===== Extracted material

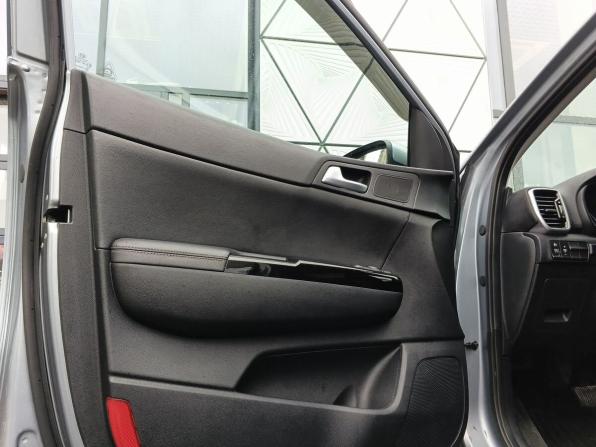 Kia Sportage IV Рестайлинг с пробегом 2021 года, цена 2 449 000 рублей, 101275 км, внедорожник, Автокод Объявления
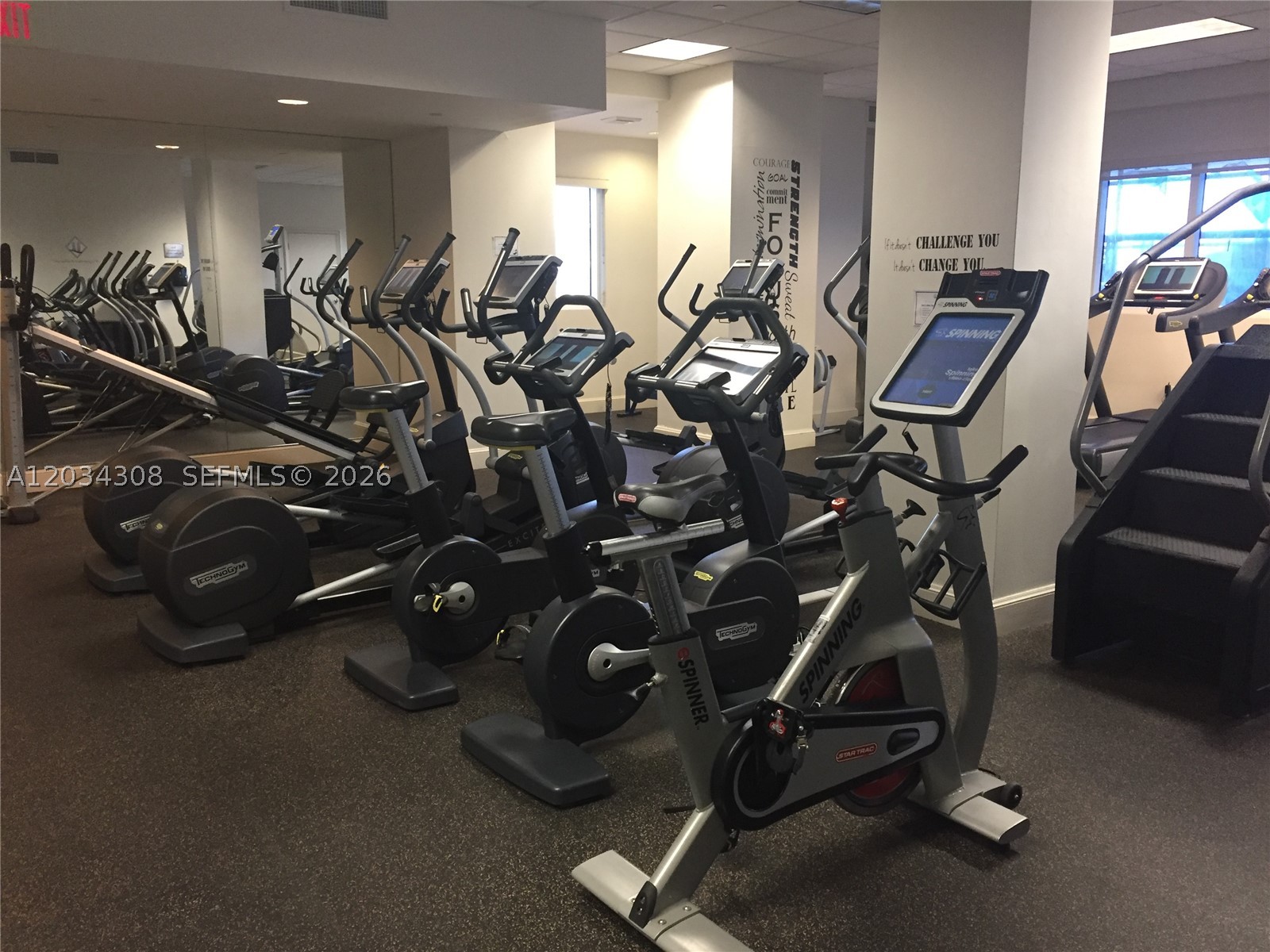 4779 Collins Ave #1804, Miami Beach FL 33140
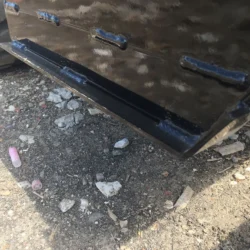 Barres d'usure en acier inoxydable MeerKat sur le fond de la balayeuse magn&eacute;tique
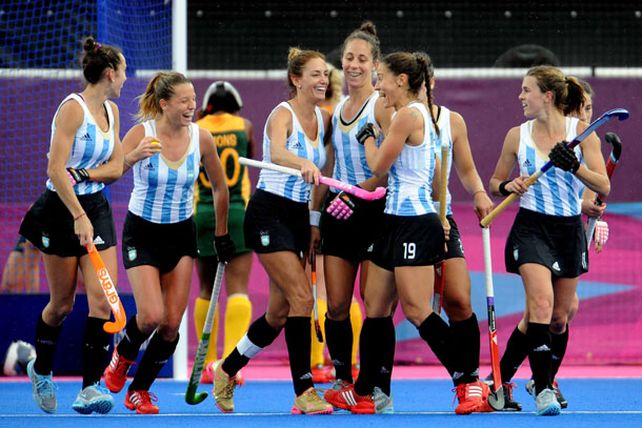 Las Leonas vencieron a Sudáfrica en su primer partido en Londres 2012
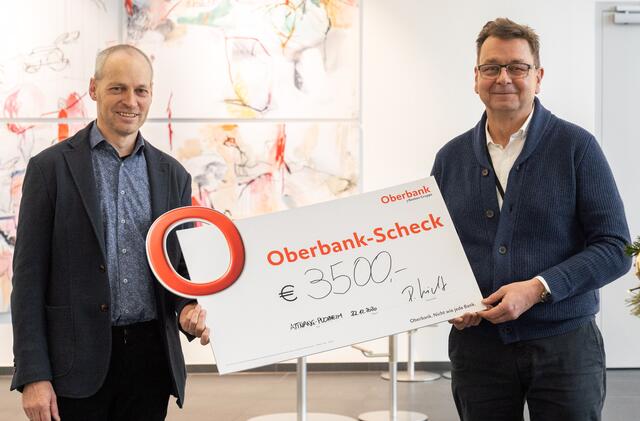 Peter Sticht (r.), Geschäftsführer der Stiwa Group, überreichte Mosaik-Leiter Stefan Hindinger einen Spendencheck über 3.500 Euro für die Aktion „Ein Bett für den Winter“. | Foto: Stiwa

==========

| Problem to solve |
When copying from the data above, begin at the line containing "4779 Collins Ave #1804, Miami Beach FL 33140" and end at the line containing "Las Leonas vencieron"; return those lines exactly and leave all pictures behind.

| Exercise output |
 4779 Collins Ave #1804, Miami Beach FL 33140
 Barres d'usure en acier inoxydable MeerKat sur le fond de la balayeuse magn&eacute;tique
 Las Leonas vencieron a Sudáfrica en su primer partido en Londres 2012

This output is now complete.